WHAT YOU ARE ASKED TO DO
When a picture appears among the records, leave it out, and copy all else exactly.

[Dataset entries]
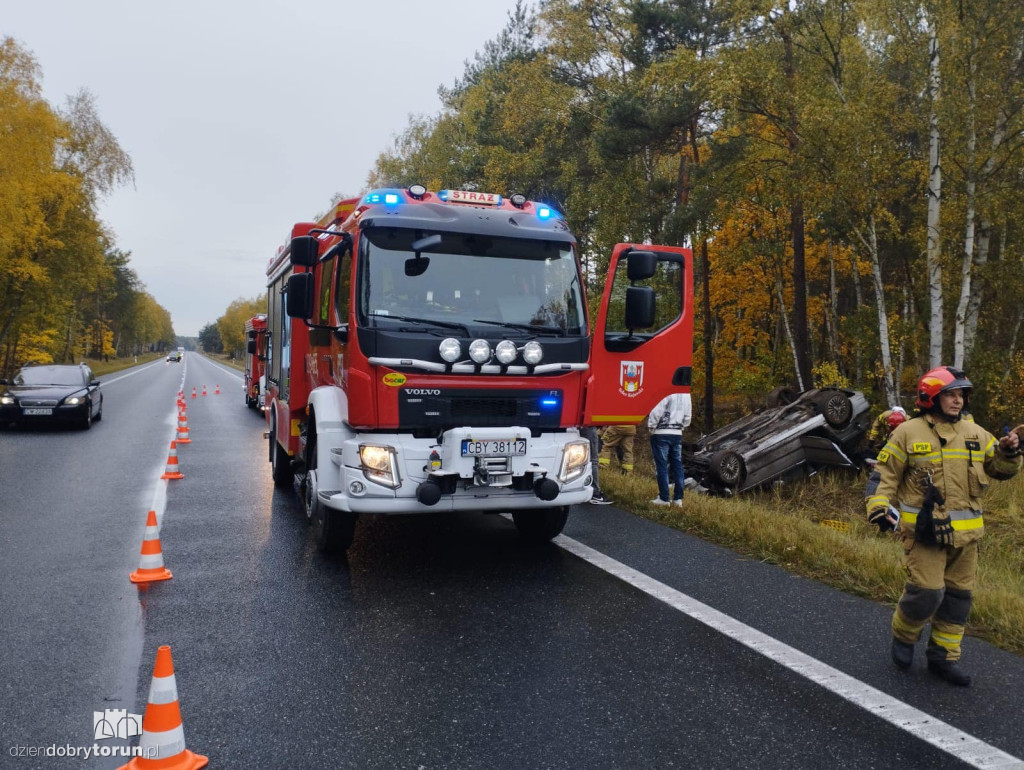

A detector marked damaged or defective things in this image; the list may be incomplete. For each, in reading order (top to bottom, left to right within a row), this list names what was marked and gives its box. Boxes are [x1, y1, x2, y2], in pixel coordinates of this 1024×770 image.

overturned car [684, 390, 868, 492]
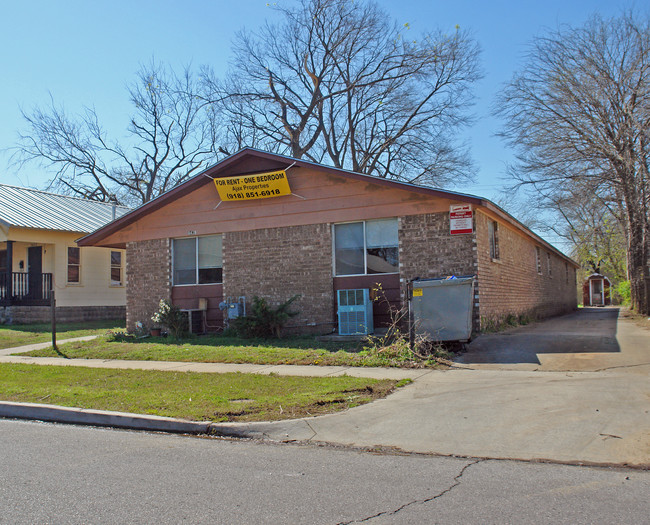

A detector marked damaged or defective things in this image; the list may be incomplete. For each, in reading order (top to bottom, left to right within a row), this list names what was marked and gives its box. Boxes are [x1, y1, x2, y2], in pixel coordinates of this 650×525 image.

road crack [336, 456, 484, 520]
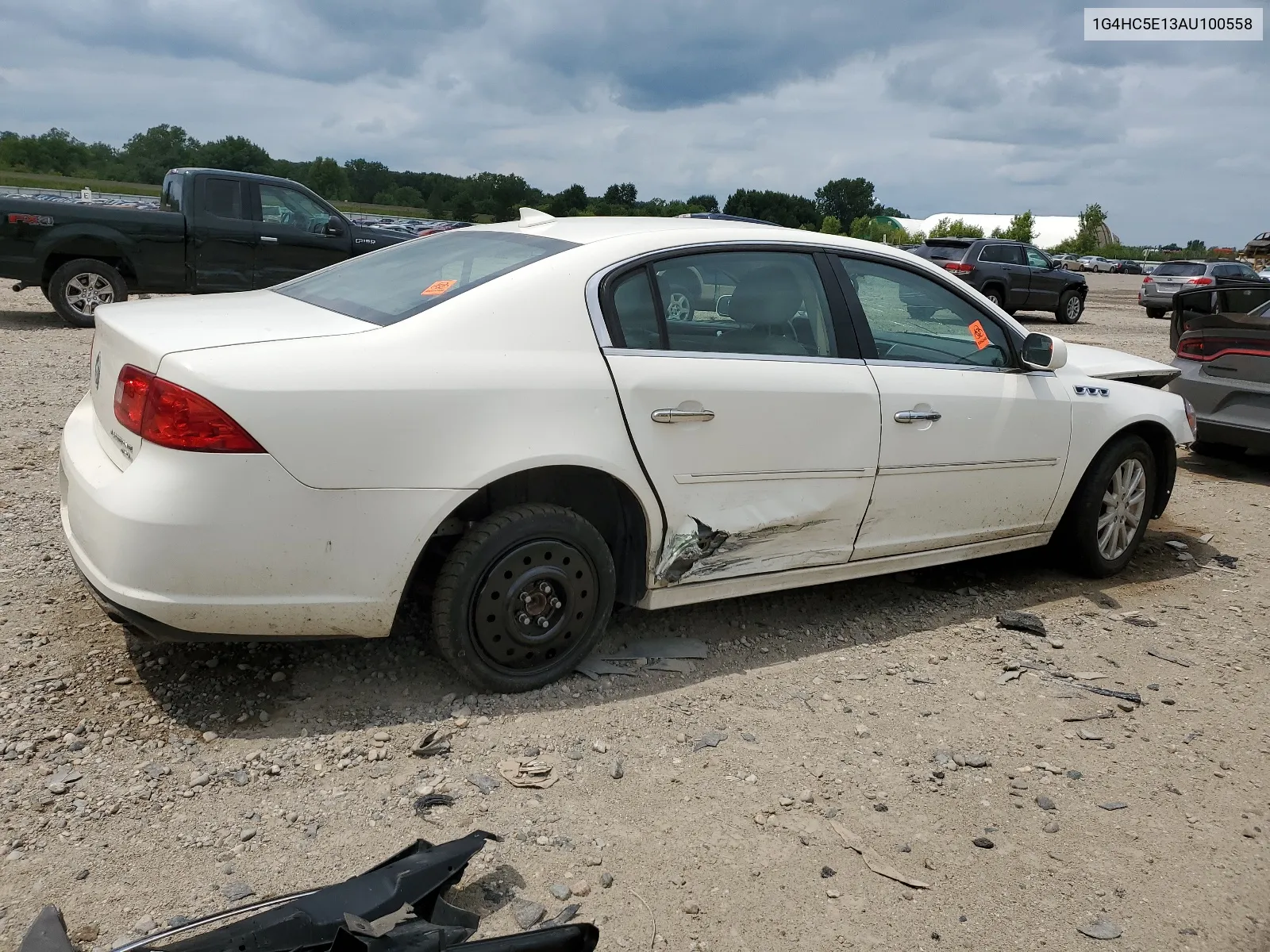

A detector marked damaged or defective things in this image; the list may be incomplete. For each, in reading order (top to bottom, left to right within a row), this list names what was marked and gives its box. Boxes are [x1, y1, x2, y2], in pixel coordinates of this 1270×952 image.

damaged rear door [597, 250, 879, 586]
broken black plastic debris [18, 832, 594, 952]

TASK ANSWER
A detector marked damaged or defective things in this image; the list may be incomplete. For each, in reading order (top to bottom, left to right within a row), this list names what was marked and gives its box. Boxes are [x1, y1, x2, y2], in pixel coordinates of this 1024×770 image.

overturned car [684, 390, 868, 492]

A detector marked damaged or defective things in this image; the list may be incomplete. For each, in reading order (top to bottom, left to right within a row), this list names what was marked and gives its box. Boxes are [x1, y1, x2, y2], in pixel coordinates of this 650×525 image.

road crack [336, 456, 484, 520]

A detector marked damaged or defective things in this image; the list may be incomplete. For each, in reading order (top to bottom, left to right within a row), this list names what was marked and gives its box. Boxes are [x1, y1, x2, y2], in pixel coordinates of this 1270×952 image.

damaged rear door [597, 250, 879, 586]
broken black plastic debris [18, 832, 594, 952]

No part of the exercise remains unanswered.